I am a trout fisherman and have always put my hat off to the DNR for their attention to the trout streams. I like the new regs regarding different size streams. It only shows you that the DNR have recognized the need for different regulations on different streams. Sure, it may make it a little more difficult for some of to understand, but looking at the big picture.....the trout will be larger in size and numbers.....good job DNR, now lets work on enforcing existing laws

Marc


----------



## boehr (Jan 31, 2000)

I won't disagree that the trout regs can be confusing. Heck, I get confused reading them sometimes but two points, 1) It is not as confusing if you read the guide and don't try to read just part of it and 2) it's micro management, something that many want to happen with the deer herd (although the deer herd would be much more difficult for obvious reasons )


----------



## multibeard (Mar 3, 2002)

Its to bad that they dnr shows no interest in small stream trout. Can't remember when I have seen anything done for the small streams. It's hard to find a small stream with brook trout, unless you get above a dam where the salmon can't get. Salmon and brook trout spawn at the same time and the salmon eat up the brookies protecting there beds. I discussed the color issue with a dnr commissiner who is color blind and he agrees with me. He can not read it. He also agree with me about the goose seasons [see my post waterfowl---sw michigan]


----------



## boehr (Jan 31, 2000)

You mean he can't just look at the pictures.

As far as goose seasons, deal with the feds, they dictate the seasons and numbers of geese they want each state to take. If it was soley up to the Michigan DNR I suspect you would see a diffence on goose season but it isn't.
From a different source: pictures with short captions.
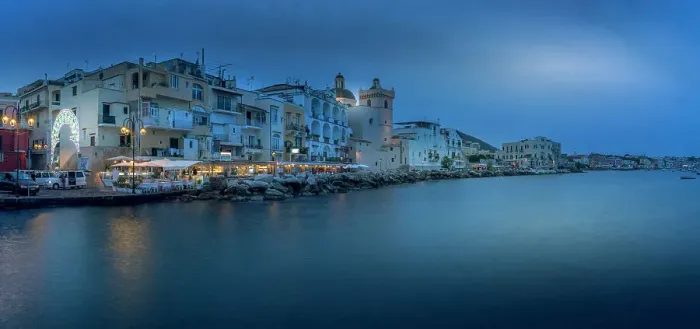 Framed Print : View of Duomo di Santa Maria Assunta and coastline at dusk, Port of Ischia, Island of Ischia, Campania, Italy, Europe Framed Print : View of Duomo di Santa Maria Assunta and coastline at dusk, Port of Ischia, Island of Ischia, Campania, Italy, Europe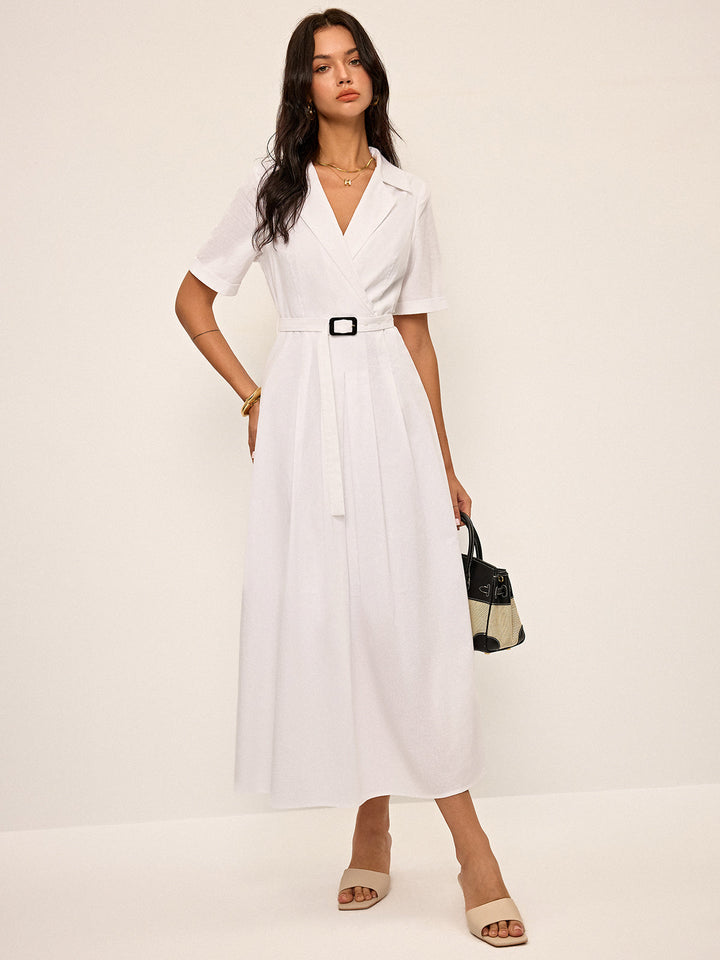 Robe chemise plissée à ceinture en lin et mélange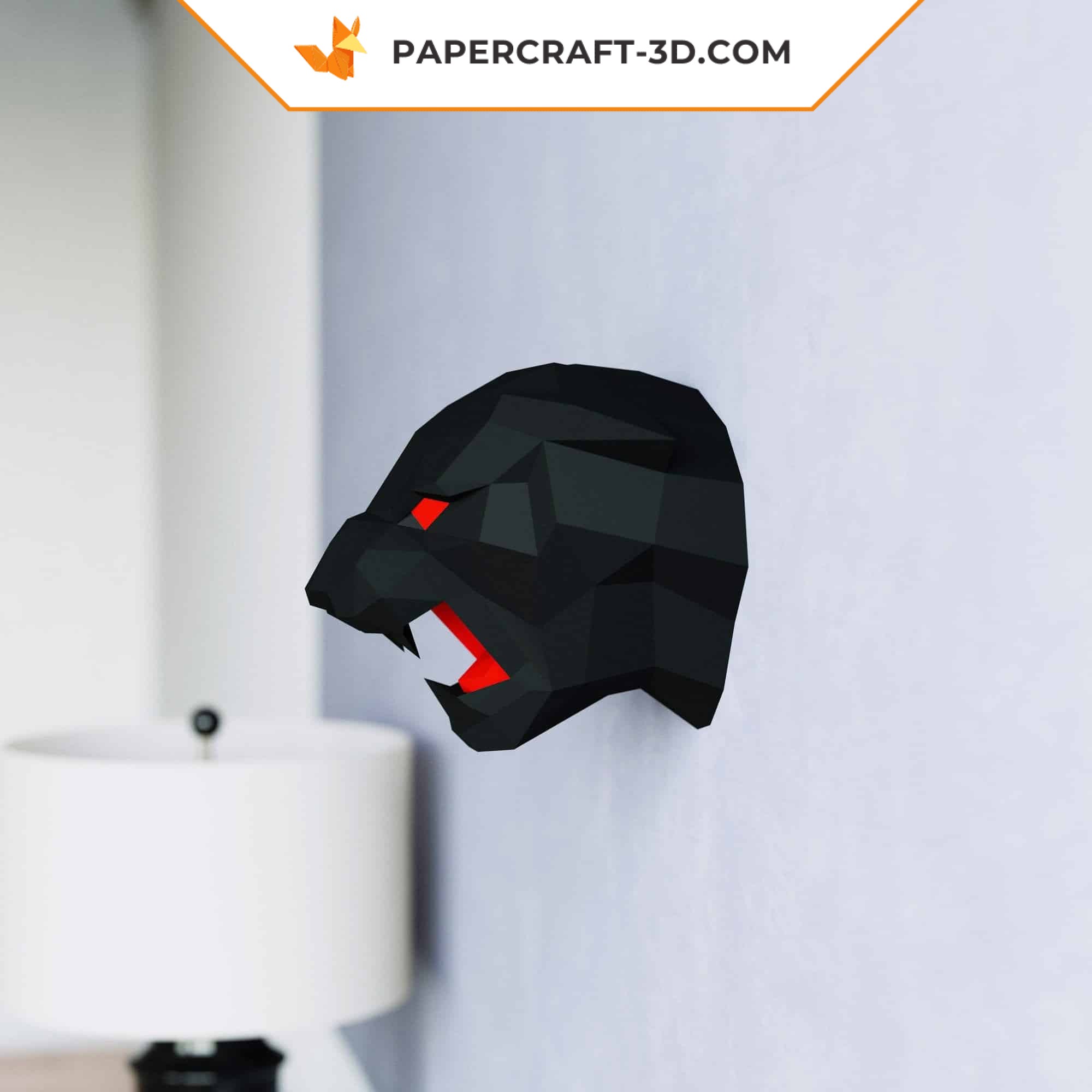 Papercraft black panther head in 3D origami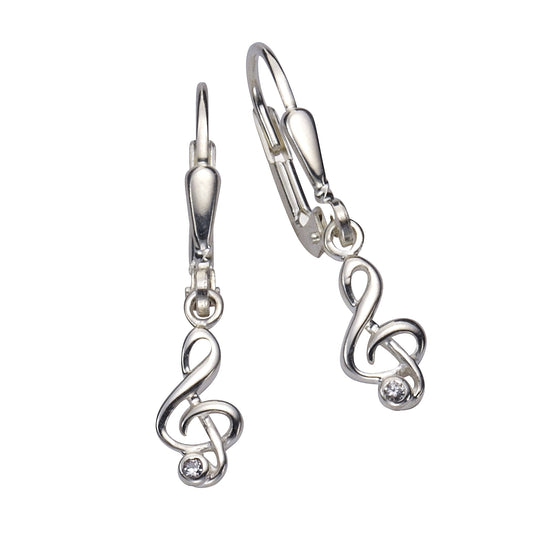 Zeeme Silver - Damen-Ohrringe aus 925 Sterling Silber als Notenschlüssel-Motiv 2,5cm lang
What is it that you want done for the small streams? There are hundreds of miles of small streams with certain regulations.


----------



## steelslam (Apr 8, 2001)

hey im also color blind in the colors red an green. now you say just look at the pictures, what pictures ? i look up a river i want to fish to get the color of that river, now what color is that as i look back to the reg chart of the color regs. huuuuuum is that a blue,is that yellow, naa maybe is that orange color, well i think it that color. hey its a son-of-a- b----. now with all these colors.but now all the lakes are done with letters to look up the regs. huum i wonder why the rivers couldnt be done in numbers to help us color blind people. its only time before i get smoked by a DNR officer for the wronge fish in the wronge place. help us color blind legal fishing guys out.


----------



## multibeard (Mar 3, 2002)

Why doesn't the dnr stick up for the goose hunters of Michigan and ask "why are we getting short sheeted on goose hunting". I listened to the goose specialist of the dnr on Michigan out of doors. He said "we had to share the flight geese with the states to the south." Doesn"t he realize that there are no flight geese in Michigan in September. We are giving them all the flight geese and they get 50 to 70 days to shoot them. All the dnr is worried about is killing off the giants that THEY planted. Tried to sell a dozen goose shells last fall. Sold them for lawn ornaments as no one is hunting geese because of the seasons. We can't ever get a shot at late season geese in zone 2 where I live.


----------



## steelslam (Apr 8, 2001)

hey SFK ya i wasnt kidding the way i described it as 99 % of the timei fish by my self. an its very hard to take the river color an match it back to the regs chart. ive fished since i was 4 years old so ive been fishin for 45 years now an never had a ticket from the dnr. i just hope the ticket doesnt cost too much when i get caught in the wronge color place. i dont think the drn will be very understanding as a person with normal color vision just cant under stand what its like to not tell what a color is. they have all kinds of speical hunts for the handycaped. different regs for people to use cross bows, an some can even hunt from a car with the right permit. but a guy with color blindness is just plain getting the shaft with this new trout guide all in color.


----------



## boehr (Jan 31, 2000)

Guys...read the guide, it's all in black and white if that's the way you want it. You can even get the actual Fisheries Orders if you want, no pictures, no color, all entirely written form. That takes care of the color blind problem.

Multibeard...you are mis-informed about how any of the waterfowl seasons, ducks or geese are done. If it makes you feel better though, yes it's the DNR's fault, everything is the DNR's fault.


----------



## multibeard (Mar 3, 2002)

Boehr I am not saying every thing is the DNR's fault. I am saying that I don't think they are sticking up for the goose hunters of Michigan.


----------



## steelslam (Apr 8, 2001)

how an were can i get one of these fisheries orders ?? sure seems like alot of paper to carry with me in my vest while trout fishing.


----------



## boehr (Jan 31, 2000)

Any District Office can get you the orders just like it says in the Trout Guide. Yep your right, lot of paper to carry in your vest, about 50 or so pages but for those that don't like the guide, thats what you get is the law.


----------



## Ruler (Nov 30, 2001)

Here's a fairly useless bit of trivia for everybody on the topic. Men are more likely to be color-blind than women. Red and Green are, statistically, the colors that people most commonly have problems with.

I find this amusing, especially when you consider that stoplights, where red and green mean opposite things, were designed at a time when women had little say in things. (Not meant to be a sexist remark; just the facts of how life was like back in the 'old days'.) I can imagine riding with a dude who's color-blind, not knowing whether to stop or go!


----------



## steelslam (Apr 8, 2001)

hey ruller did you ever notice that the bottom light is always green an that means go. top is always red an that means stop. thats the way i tell.


----------



## steelslam (Apr 8, 2001)

how many other trout fishing guys have this problem. lets see if we can get this color changed to a number system like the lakes that are in a letter system to look the regs up for each lake.


----------